Mary Schapiro, chairman of the Securities and Exchange Commission, told the Senate Banking Committee Tuesday that the agency is examining JPMorgan’s earnings statements and first-quarter financial reports to determine if they were “accurate and truthful.”

Schapiro and Gary Gensler, chairman of the Commodity Futures Trading Commission, said the $2 billion-plus loss at JPMorgan should be a lesson for regulators to tighten rules mandated under the 2010 financial overhaul.

“It would be wrong for us not to take this example,” Schapiro said. JPMorgan is the biggest U.S. bank by assets and the only major U.S. bank to stay profitable during the 2008 financial crisis.

Most Republican lawmakers voted against the financial overhaul. They say it won’t prevent another financial crisis. And the worry that it will drive business overseas.

Sen. Richard Shelby, the ranking Republican on the panel, questioned why Schapiro and Gensler weren’t aware of what was happening at JPMorgan.

“So you really didn’t know what was going on ... until you read the press reports” in April? Shelby asked them.

The trading loss was disclosed May 10 by JPMorgan CEO Jamie Dimon in a hastily convened conference call with investors and journalists. In April, Dimon had dismissed concerns about the bank’s trading as a “tempest in a teapot” — a characterization he recently acknowledged he had been “dead wrong” to make.

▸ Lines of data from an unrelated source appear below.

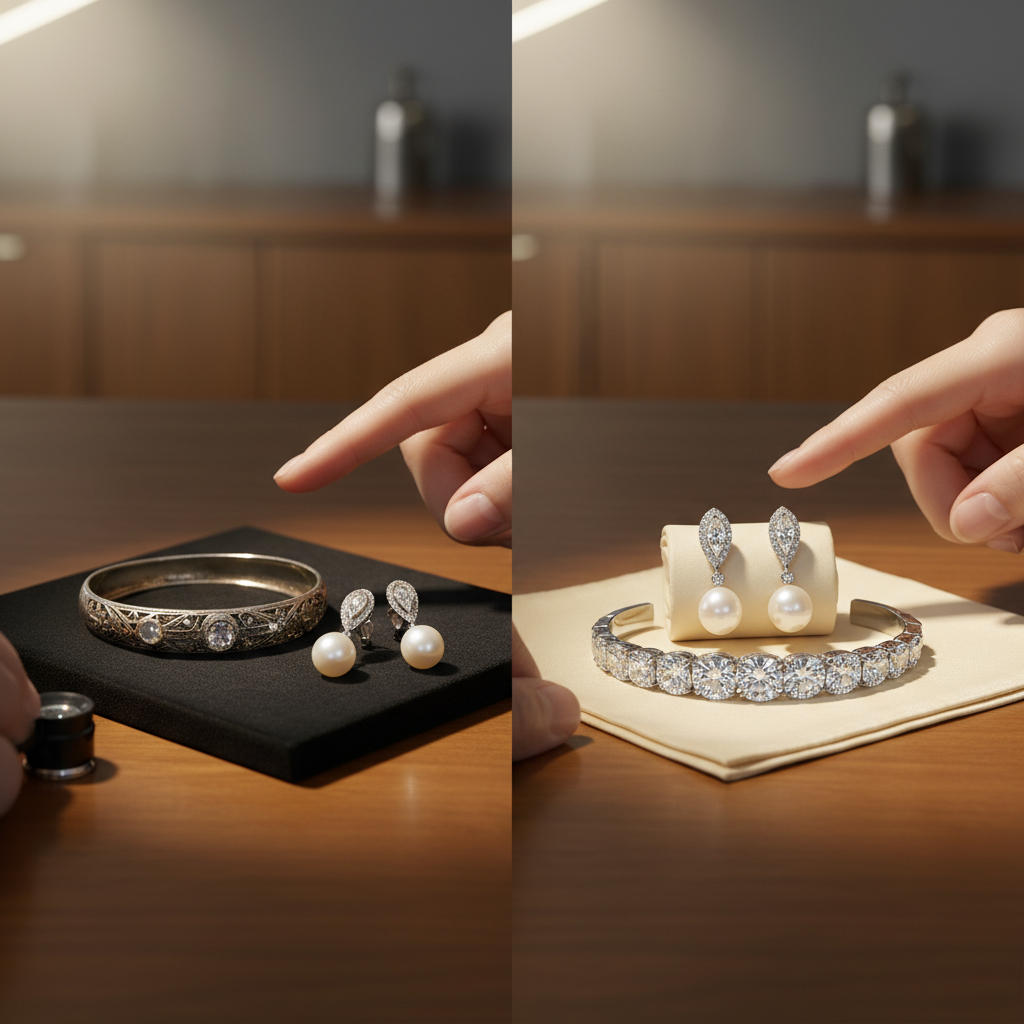 Comparing existing jewellery with new options during an exchange consultation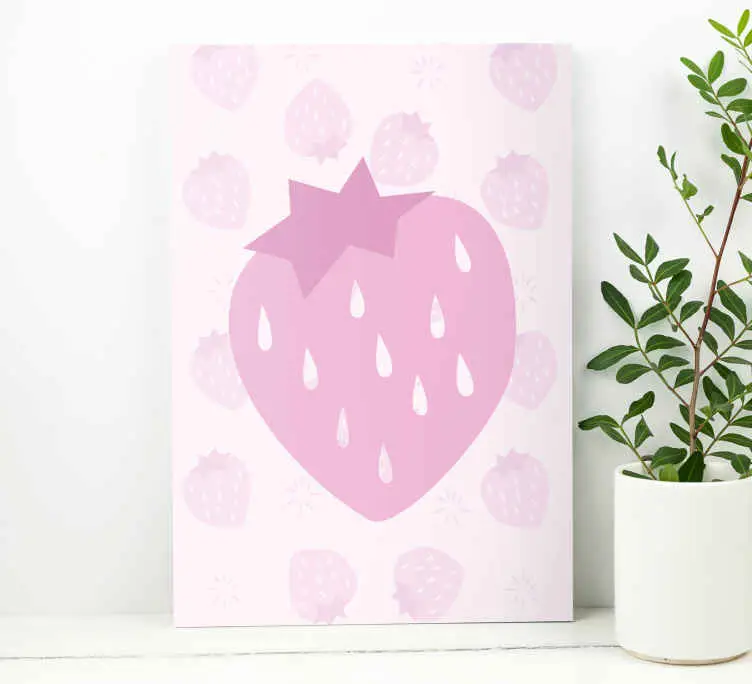 Populär Jordgubbar mönster på rosa kökcanvas tavla konst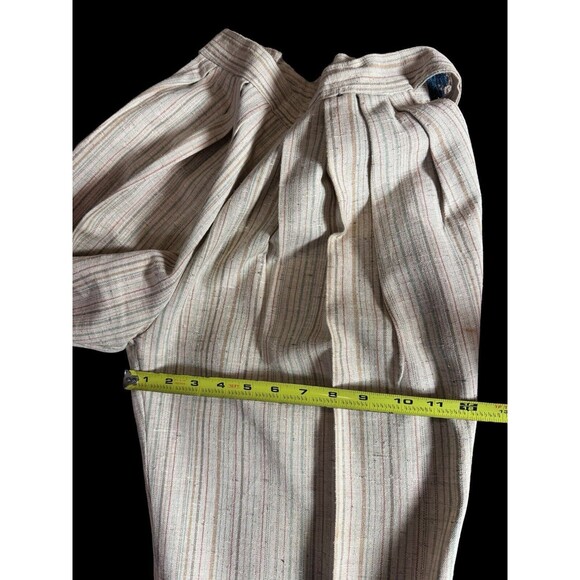 Vintage Cleveland 70s high waisted Wide Leg Slub cotton Striped Pants size 5 - Picture 6 of 14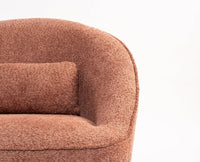 Aurelia Boucle Swivel Chair – Modern Upholstered Dining Chair for Home & Café Dusty Rose brown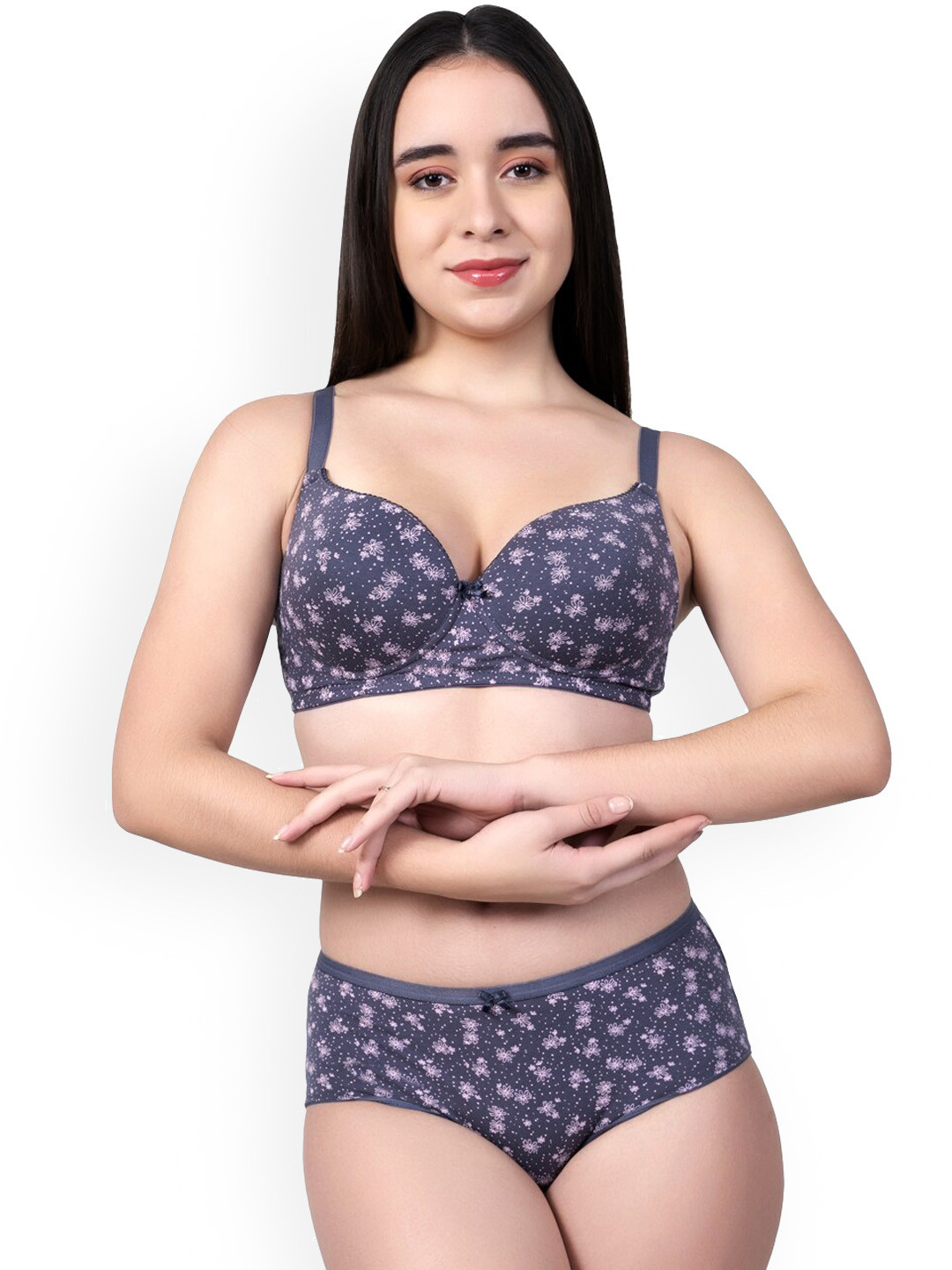 

Eve's Beauty Floral Printed Lightly Padded Non-Wired Cotton Lingerie Set, Navy blue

Two more hearings are scheduled before the Senate panel in the coming weeks. Officials from the Federal Reserve and the Treasury Department will testify on June 6.

Dimon has agreed to testify before the committee later this year.

Dimon has said the loss came from trading in credit derivatives that was designed to hedge against financial risk, not to make a profit for the bank.

Gensler said the CFTC is investigating JPMorgan’s ill-timed bet on complex financial instruments that led to the trading loss.

Under the financial overhaul, the CFTC gained powers to monitor trading in indexes of derivatives. JPMorgan invested heavily in an index of insurance-like products that protect against default by bond issuers. Hedge funds were betting that the index would lose value, forcing JPMorgan to sell investments at a loss.

Schapiro and Gensler said they were hopeful that a key part of the overhaul could prevent the type of loss that occurred at JPMorgan.

The so-called Volcker Rule would prevent banks from trading for their own profit. The idea is to protect depositors’ money, which is insured by the government. Regulators are finalizing the rule, which is scheduled to take effect in July. But banks will have until July 2014 to meet the requirements of the rule.

Dimon has been among the most vocal critics of the rule. The big Wall Street banks won an exemption in the rule: It would let them make such trades to hedge not only the risks of individual investments but also the risks of a broader investment portfolio.

Gensler acknowledged that the various federal regulators working on the rule, from a half-dozen agencies, don’t agree on how strict it should be.

“We will ultimately have differences,” he said.